NeurIPS 2020

Bayesian Multi-type Mean Field Multi-agent Imitation Learning

Review 1

Summary and Contributions: This paper proposes to improve multi-agent imitation learning with two enhancements: 1) learn a distribution over phi, the parameter of the discriminator used to estimate the reward function, 2) improve on the multi-type mean field approximation for multi-agent RL by allowing a different number of agents per type. The results show that this leads to faster learning in Rover Tower and transportation network tasks.

Strengths: The empirical evaluation of this paper is strong, in that it benchmarks against 3 relevant and recent baselines for multi-agent imitation learning, and clearly exceeds them. The paper provides theoretical grounding in the mean field approximation and its convergence.

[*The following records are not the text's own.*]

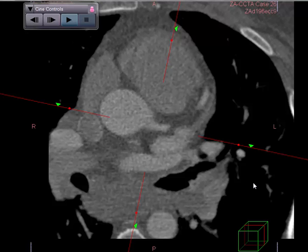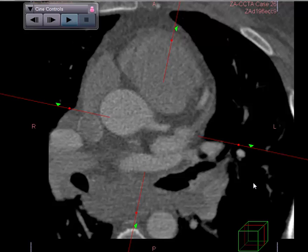This is CCTA case number 26. This is a 35-year-old man with a history of high cholesterol who has had progressive dyspnea with effort over the past several weeks.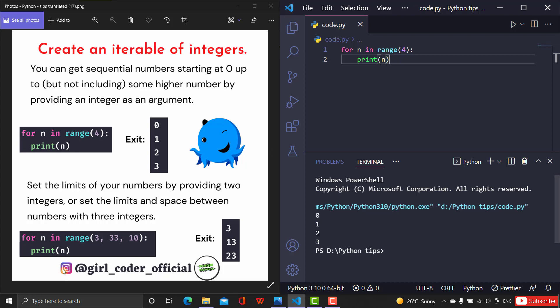You can also set the limits of your numbers by providing two integers, and you can handle the space between numbers with a third integer. For example, `range(3, 33, 10)` will start at 3, then print 13, then 23, and once it reaches 33 it comes out of the loop — printing 3, 13, 23 as output. Here we are setting the limit between the series of integers by giving the step as 10.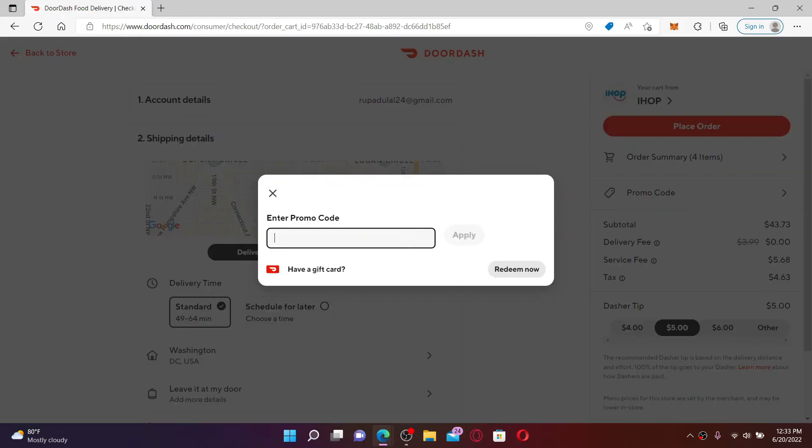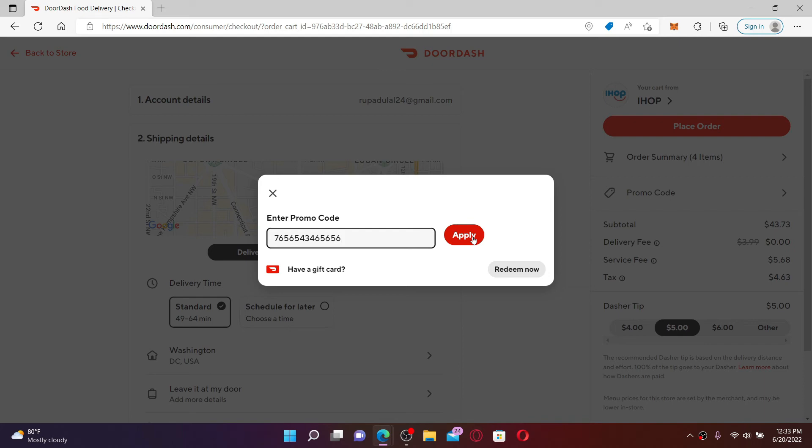Enter your promo code that you'd like to add for this particular purchase. Once you enter your promo code, click on the Apply button right next to the box. In order to add a promo code on DoorDash, that is how it can be done.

Weaknesses: A weakness of the paper is the novelty of this approach above prior work; Section 4 states that [3] also used a multi-agent multi-type mean field approximation, only it did not allow types to have a different number of agents. Is this the only difference from this prior work? This should be clarified.

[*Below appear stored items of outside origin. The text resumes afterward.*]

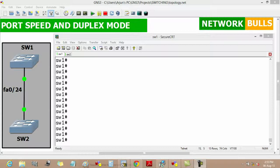In this video we will discuss port speeds and duplex mode in switches. There are two switches which are connected by a Fast Ethernet 0/24 link.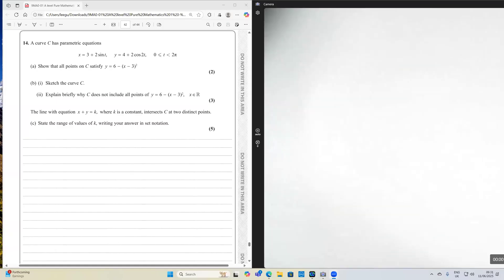Hello everyone. We're looking at a tricky parametric equation question, an A-star question. In fact, this is the last question of Paper 1, 2018 for Edexcel.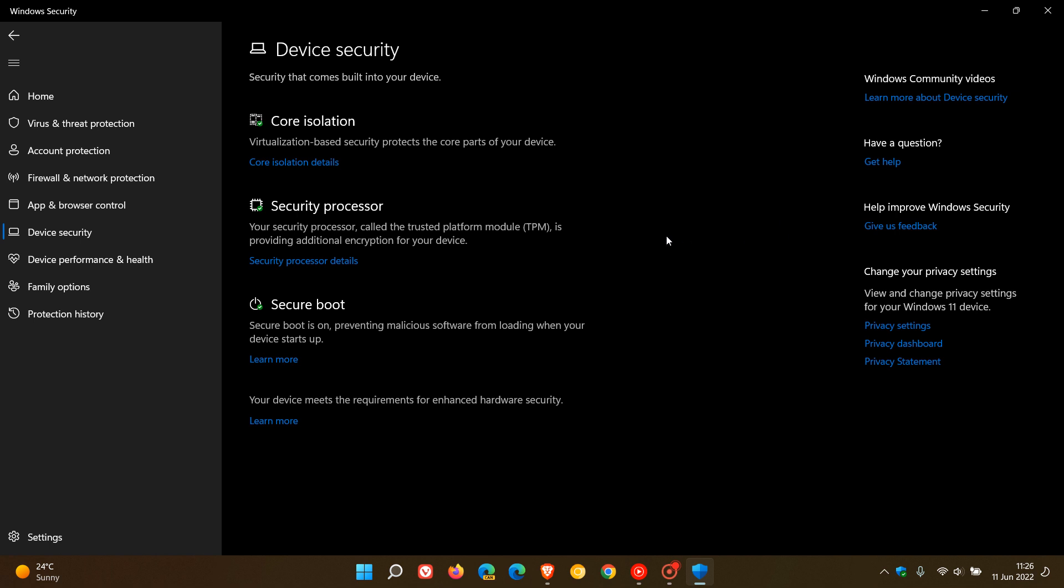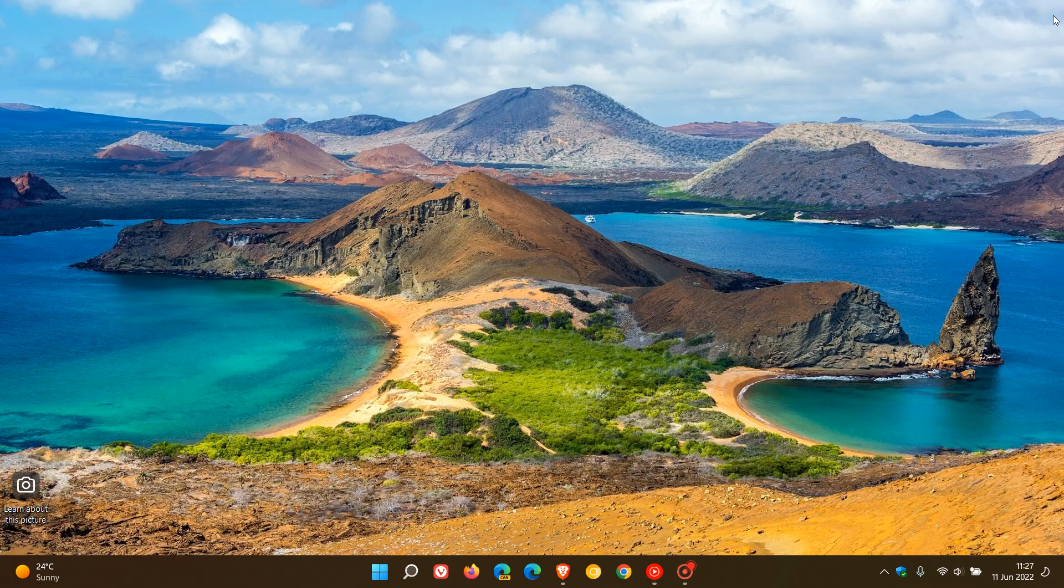So if you're seeing standard hardware security not supported appearing here in the device security page, it's just a bug. Be patient as I'm sure Microsoft will roll out a bug fix in the next update to address that issue. Thanks for watching and I'll see you in the next one.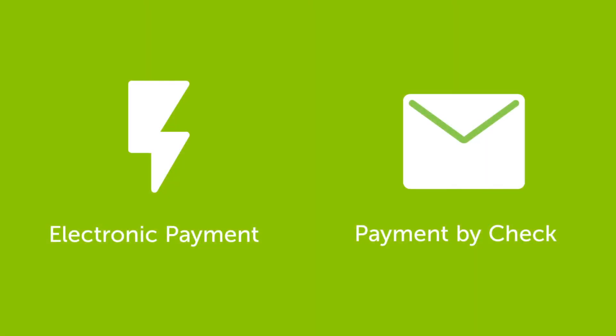A lightning bolt next to the payee's name means electronic payment will be sent on the send date and will typically deliver the next business day.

Correctness: I did not notice any major errors. Figures 3 & 4 should include a description of how the error bars were calculated.

Clarity: The paper is reasonably clear, but there are some typos and errors. For example, the sentence describing Rover Tower in line 250, "The goal is to let the towers to navigate the rovers to arrive at their destinations" is extremely unclear, and interferes with understanding the experiment. It would also help to provide a citation or reference to the Berlin transportation environment. In addition, I felt that the clarity of the paper could be improved by devoting more explanation to the new mean field formulation, why/how it is different from prior work, and why some of the assumptions are justified. For example, why is it reasonable to assume that it is only necessary to model interactions within one type of agent (lines 151-152)? To save space for this discussion, well-known equations (e.g. 8 and 12) could be removed.

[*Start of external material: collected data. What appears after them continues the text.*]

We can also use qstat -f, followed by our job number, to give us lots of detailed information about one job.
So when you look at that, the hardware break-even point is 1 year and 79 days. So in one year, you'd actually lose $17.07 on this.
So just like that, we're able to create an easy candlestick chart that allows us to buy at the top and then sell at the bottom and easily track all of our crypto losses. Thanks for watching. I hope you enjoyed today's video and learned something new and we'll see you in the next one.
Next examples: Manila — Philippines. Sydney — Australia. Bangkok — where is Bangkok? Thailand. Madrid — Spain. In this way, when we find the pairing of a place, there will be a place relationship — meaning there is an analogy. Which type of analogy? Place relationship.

Relation to Prior Work: As mentioned above, the distinction between this paper and [3] should be made more clear. Lines 232-233 state that MA-DAAC is not scalable because it uses attention to consider every agent's actions. Why is this not scalable? Attention can summarize a variable number of agents' actions in a meaningful way, and attention is often promoted as a mechanism for dealing with increased numbers of agents.

Reproducibility: Yes

Additional Feedback: - The contributions section (lines 41-46) appears to re-state the same contribution several times in different ways. Perhaps if each contribution were made more concise, the differences would be more clear. - Line 66: "Nash equilibrium described" -> describes - Line 189: "we introduces" -> we introduce ** I have read the authors' rebuttal and appreciated the clarifications provided, so I am not changing my review score. I hope the authors will work these clarifications into the final version of the paper.

Review 2

Summary and Contributions: The paper propose to improve the sample efficiency and scalability of MA-GAIL algorithm by introducing a Bayesian formulation as well as a new multi-type mean field approximation. Some theoretical analysis on the proposed multi-type mean field approximation was provided and experimental results on some simulated environments are provided to justify the above claims.

Strengths: The paper contains rich discussions on preliminaries and detailed derivations of the proposed algorithm. The proposed multi-type mean-filed approximation seems to have the potential of improving the scalability of existing multi-agent reinforcement learning algorithms. The authors also made efforts to analyze the approximation theoretically and show that the approximation error will not lead to large deviations from optimal solutions under certain conditions.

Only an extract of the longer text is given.